◆ Task directions
Starting at the line that contains "Лонгслив хлопковый женский", retype each line to the end of the listing below. Include both ends, but not the pictures.

◆ Data below
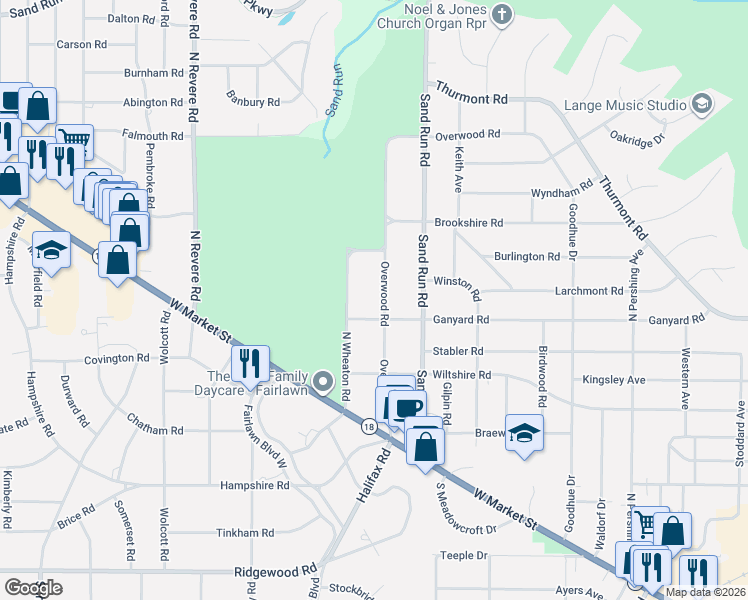 map of restaurants, bars, coffee shops, grocery stores, and more near 160 Overwood Road in Akron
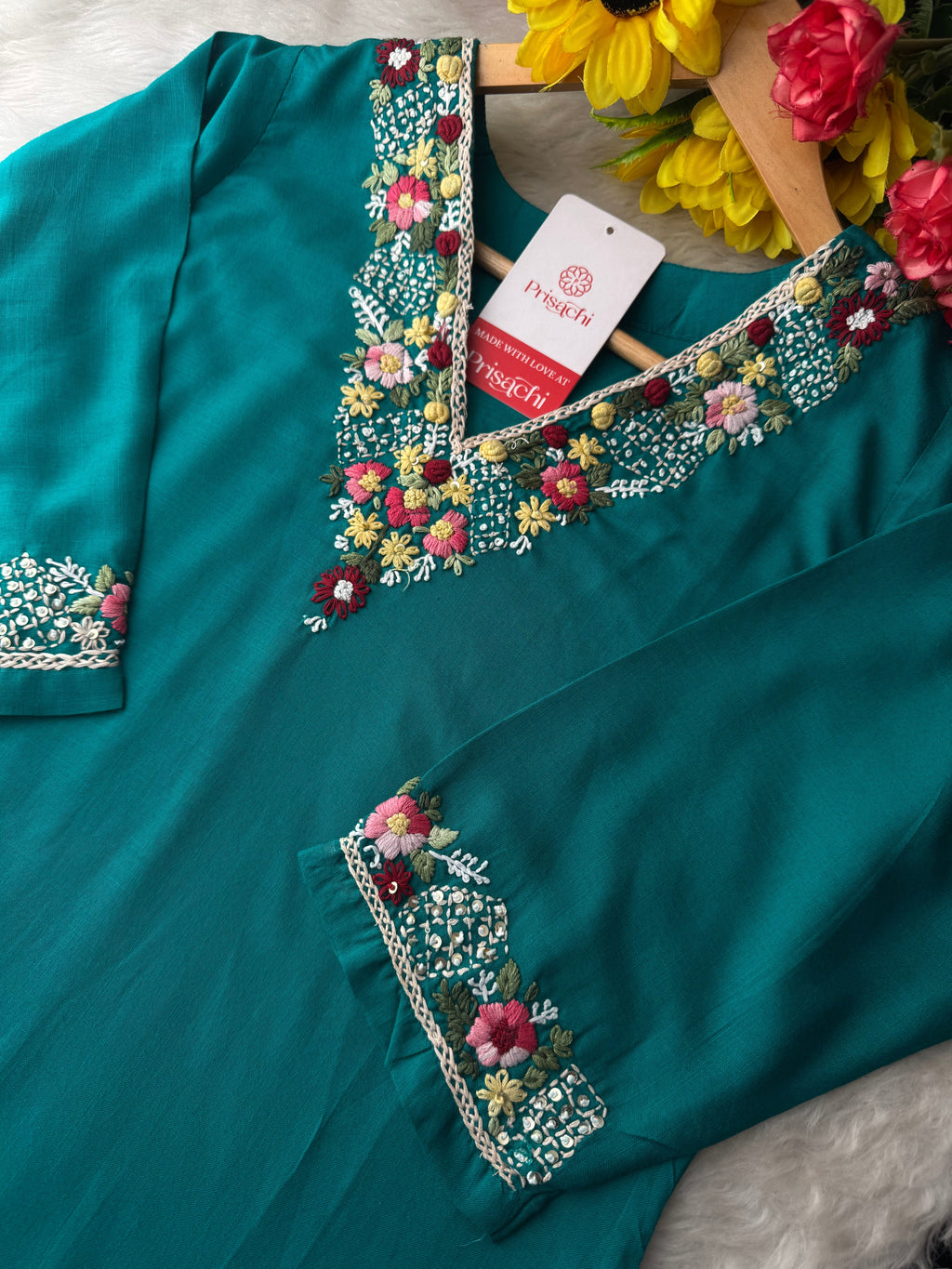 Green Thread Embroidered Kurti Pant Co-ord Set | Ethnic Office & Daily Wear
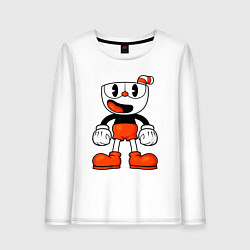 Лонгслив хлопковый женский Cuphead красная чашечка, цвет: белый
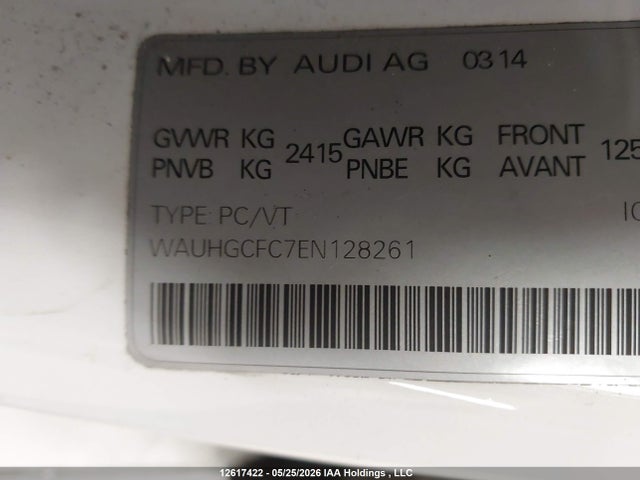 Продажа на аукционе авто 2014 Audi A6 Prestige, vin: WAUHGCFC7EN128261, номер лота: 12617422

◆ Task response
 Лонгслив хлопковый женский Cuphead красная чашечка, цвет: белый
 Продажа на аукционе авто 2014 Audi A6 Prestige, vin: WAUHGCFC7EN128261, номер лота: 12617422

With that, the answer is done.